Thanks You
But my problem is not solved
Consider these four data sets whose sum is equal to 1, because these are probabilities
data1 = {0.20, 0.2, 0.2, 0.2, 0.2};
data2 = {0, 0, 1, 0, 0};
data3 = {0.2, 0.4, 0.1, 0., 0.3};
data4 = {0.15, 0.5, 0.05, 0, 0.3}
When I do the calculation with the formula of Shannon, I get 1.60944 for data 1, and 0 for data2
-(0.2 Log[0.2] + 0.2 Log[0.2] + 0.2 Log[0.2] + 0.2 Log[0.2] +
0.2 Log[0.2])
But, with the Entropy[] instruction, I get for data1 Log[5] - the result of Entropy[data1]
And now for data2, with the formula of Shannon, I have a result of 0, but with the Entropy[] instruction I get 0.500402 for data2, and not Log [5] -Entropy [data2]
With data3 and data4 is even more complicated
The result of the calculation with the formula of Shannon, gives 1.27985 but Entropy [data3] gives 1.60944 and equal to Log[5].

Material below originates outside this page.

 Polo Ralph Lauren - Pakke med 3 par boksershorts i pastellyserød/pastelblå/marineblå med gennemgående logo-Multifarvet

And if I change my probabilities and processes such Data4 the résulat remains equal to Log [5] with Entropy[data4], but the formula of Shannon gives 1.14212.

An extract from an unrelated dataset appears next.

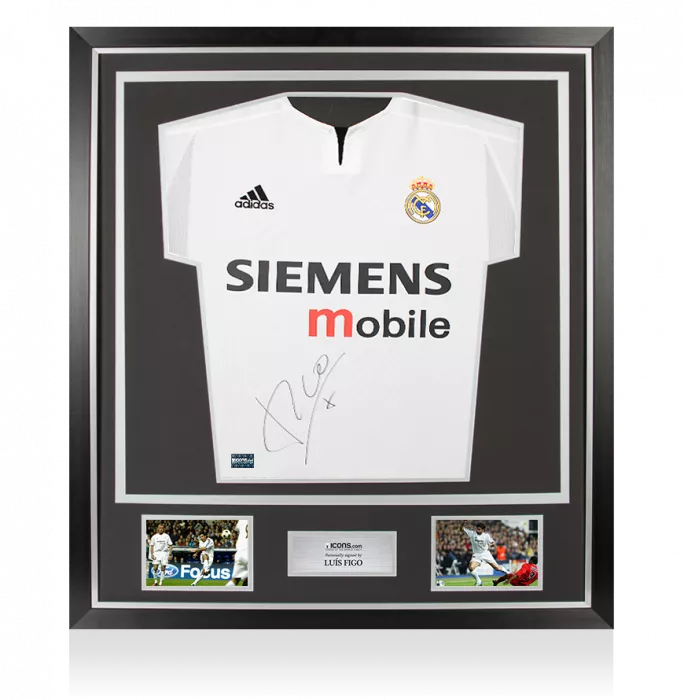 icons Luis Figo Front Signed Real Madrid 2003-04 Home Shirt In Classic Frame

So, I verified with the little program proposed by Fred Garber
SetAttributes[LogProduct, Listable];
LogProduct[x_, y_] := x Log[y] /; x != 0 || y != 0
LogProduct[x_, y_] := 0.0 /; x == 0 && y == 0
entro[list_] := -Plus @@ LogProduct[list, list]
And I have the same results that I have calculated with the formula of Shannon.
I think that Entropy[] is not the entropie of Shannon.